Who's the Daddy (Crescent Cove 3)
Page 62
Not yours.
Seth stood on the back stoop, but he didn’t say a word as I passed. His eyes averted to the floor.
Blindly, I swung the door open and headed through the house, then out the front door and down the stairs to the sidewalk.
Return the car. Go home.
Go home where you should have been this whole fucking time.
I didn’t even remember the ride home, or backing into the bay at J&T’s. It was all a haze. Hell, I didn’t even know if the car had made the damn squeak that my customer had complained about.
The only thought in my fucking brain was Kelsey.
I was tangled up over a woman again, though Kelsey sometimes seemed more like a sweet younger girl in so many ways.
I’d fucked the holy hell out of her twice. But someone else had too.
And I didn’t even know why that pissed me off so much. I wasn’t that guy. Judgmental like the people in this goddamn town? Nope. That wasn’t me. And yet, my fingers were welded to the steering wheel and I was still staring at the wall of tools sightlessly.
I pounded the dash and got out. Anger sprang out of my pores like noxious gas. I needed to get rid of this before picking up my kid.
How?
Pound it out into Kelsey.
No.
No, that definitely wasn’t happening. Why I was in trouble in the first place. My dick didn’t know how to stay in my pants when I was near her. Even now, the thought of her long legs wrapped around me had me half hard.
And the baby…
The anger swelled in my head and chest. I grabbed the long crowbar and stalked to the back door of the garage and out into the back loading area where stacks of tires waited for recycling.

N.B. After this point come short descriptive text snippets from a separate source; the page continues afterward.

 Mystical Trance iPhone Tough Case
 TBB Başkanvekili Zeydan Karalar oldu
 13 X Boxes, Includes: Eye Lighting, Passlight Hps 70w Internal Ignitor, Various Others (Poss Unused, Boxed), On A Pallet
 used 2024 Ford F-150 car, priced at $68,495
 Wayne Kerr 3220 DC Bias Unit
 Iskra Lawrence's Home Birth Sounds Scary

I swung at the largest stack of truck tires. The satisfying bounce back emptied the noise out of my head. I slammed into the stack until the reverberations in my biceps and triceps left me tingling and numb. My hand burned and my wrist sang with each blow. Sweat coated my shoulders and arms.
Finally, my hand gave way to the punishment and the crowbar clattered to the blacktop. I dropped to my knees and growled through heaving breaths until the spots dancing in my vision cleared.

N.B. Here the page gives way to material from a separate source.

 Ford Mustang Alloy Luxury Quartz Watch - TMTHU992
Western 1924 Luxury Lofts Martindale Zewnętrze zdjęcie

The golden setting sun off the water speared down the alleyway chased by shadows and the cloying scent of burnt rubber and oil. A steadying scent. My life was connected to this garage.
Once upon a time, I’d wanted to own my own garage and pit crew, but now I liked being able to walk away each night. Sure, I had overtime coming out my ass lately, but it was because I asked for it. Because it helped me catch up when the cascade of shit came down on me from the fixer upper I’d bought when Wes was born.
Wes, who had been my entire world for the last seven years. Even beyond Katherine and her endless unhappiness, there had always been one good thing in my life.
And maybe part of me wanted more.
You could have more.
I shut my eyes against the thought and forced myself to stand. I went back inside and washed up at the large basin on the far wall of the garage. I checked my phone, swiping away the messages from Kelsey.
I couldn’t go back there right now. The wild anger was too close to the fringes of my brain. Instead, I texted my mom to let her know I was on my way.
Dinner with my kid. That was what I needed to focus on, not Kelsey Ford and her huge brown eyes.
The horror in her expression when she’d shouted that the baby might not be mine was forever burned on my retinas. Horror that she had to have a man like me in her life forever? Or horror that it might not be mine?
I didn’t know.
Yeah, I didn’t have it in me for questions like that right now.